Designing a Notification System - Mohammadali Bazyar

The Problem That Hides Real Complexity

Every modern app sends notifications. Your phone buzzes when a friend likes your photo, when your package ships, when there is a security alert on your bank account, when a coworker mentions you in a chat. Each of these arrives through a different channel: push, email, SMS, in-app, or sometimes web push.

It looks simple from outside. "When event X happens, send a message to user Y." A weekend project. But scale it to billions of notifications per day across multiple products and you end up with one of the most subtle distributed systems problems in the industry.

The challenges are not just technical: deduplication, rate limiting, user preferences, quiet hours, batching, retries, channel-specific quirks (APNs vs FCM, SMS rate limits, email deliverability), and the dreaded "notification storm" when a bug fires the same event 10,000 times. Get any of these wrong and your users disable notifications entirely, which is worse than not having them.

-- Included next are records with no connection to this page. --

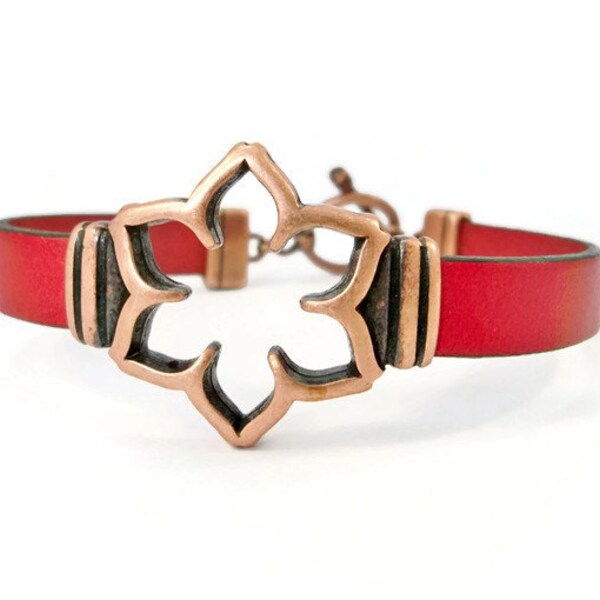 Copper and Red Leather Bracelet, Copper and Leather, Copper Flower, Gift for Her, Copper Bracelet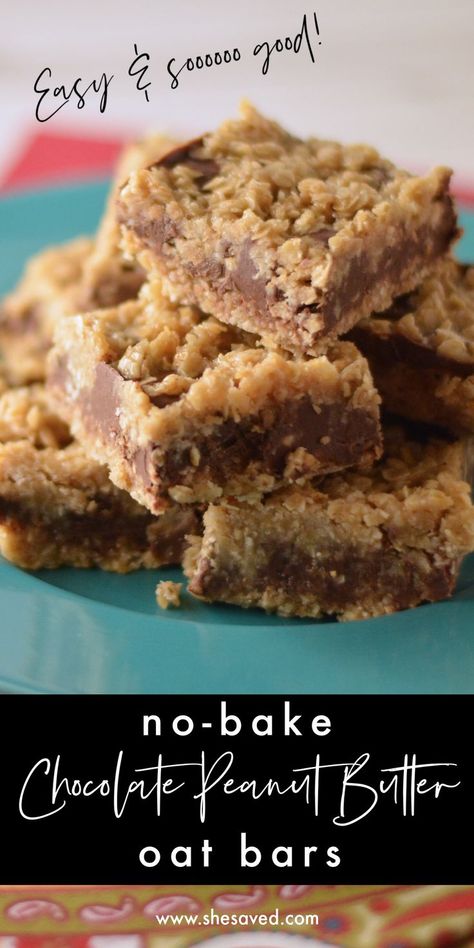 No-Bake Chocolate Peanut Butter Oat Bars Recipe Oat Bars Recipe, Peanut Butter Oat Bars, Oat Bar Recipes, Chocolate Oatmeal Bars, Peanut Butter Oat, Peanut Butter Oatmeal Bars, Recipe For Beginners, Peanut Butter Oats, Peanut Butter No Bake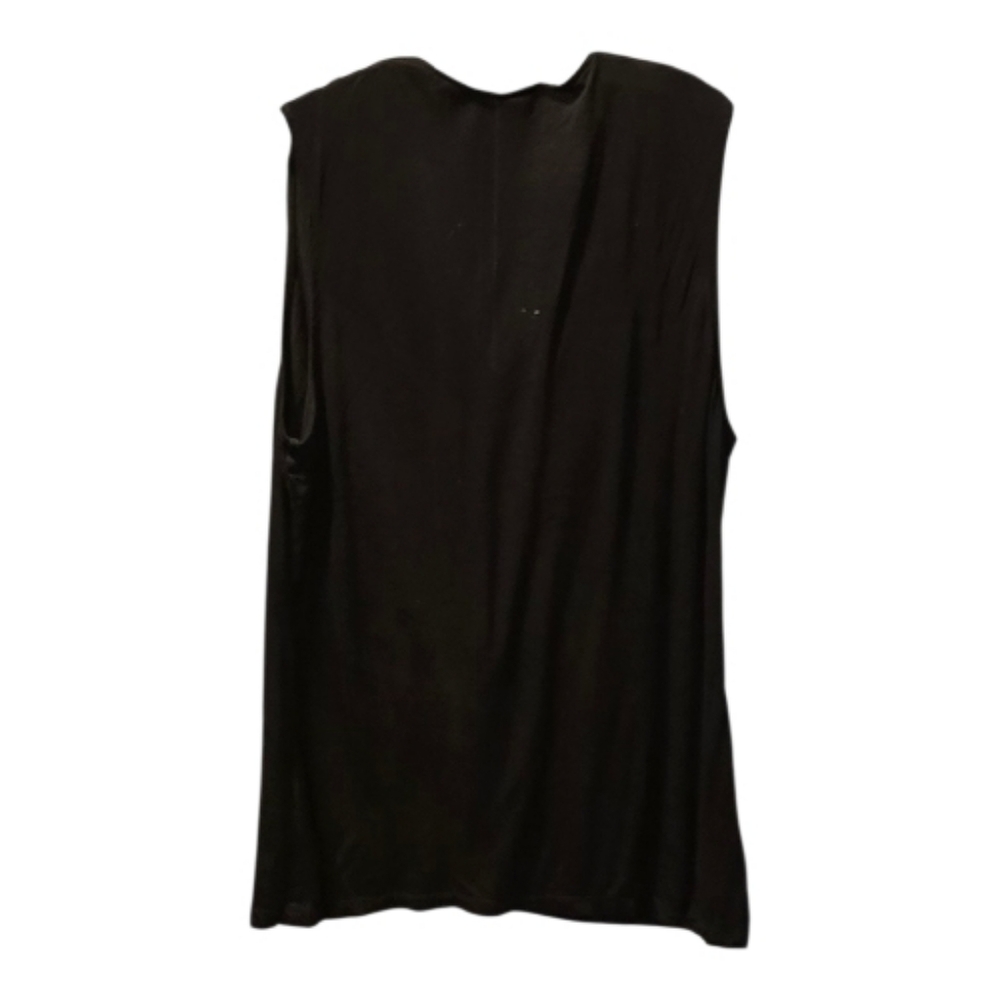 H&M Black Sleeveless Ruffle V-Neck Tank with White Trim - Picture 2 of 4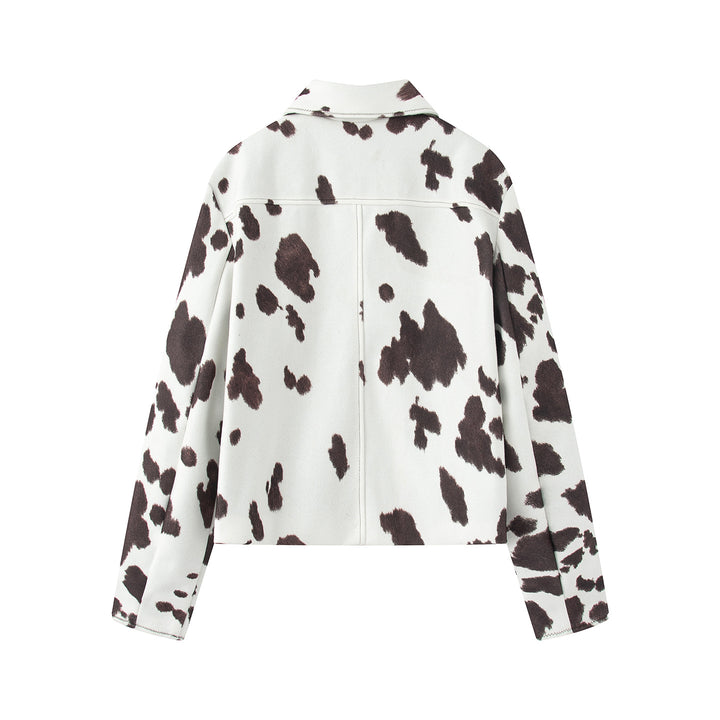 Damen nan cropped Hemdjacke mit Kuhfleck-Print, Boxy-Silhouette und Druckknopfleiste Drune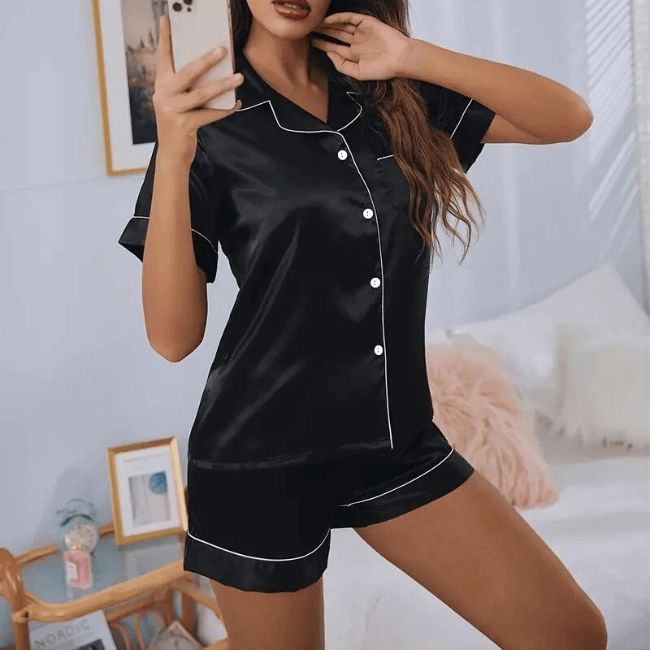 pijama feminino, pijama feminino calor, conjunto pijama feminino blusa e short, pijama amaricano, pijama feminino americano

This article walks through how to build a notification system that handles all of it.

Step 1: Requirements

Functional Requirements

Multi-Channel

Push (mobile/web), email, SMS, in-app feed. The system picks channels based on urgency and user preferences.

Templates

Each notification type has templates per channel and per locale. Apps emit events, the system renders them.

Preferences

Users control which notification types reach them through which channels, and during which hours.

Deduplication

If the same event fires twice, the user only sees one notification.

Delivery Tracking

Know which notifications were delivered, opened, clicked. Surface to users (history) and ops (debugging).

Reliability

Critical notifications (2FA codes, security alerts) MUST arrive. Retry on failure. Dead-letter on persistent failure.

Non-Functional Requirements

Latency: high-priority notifications (2FA, login alerts) deliver in under 5 seconds. Marketing notifications can take minutes.
Scale: billions of notifications per day. Tens of thousands per second at peak.
Channel constraints: APNs caps at ~1000 messages per second per certificate, SMS providers have per-number rate limits, email providers monitor sending reputation. The system must respect all of them.
Compliance: GDPR, CCPA, CAN-SPAM. Users can unsubscribe per channel, and unsubscribes must be honored quickly.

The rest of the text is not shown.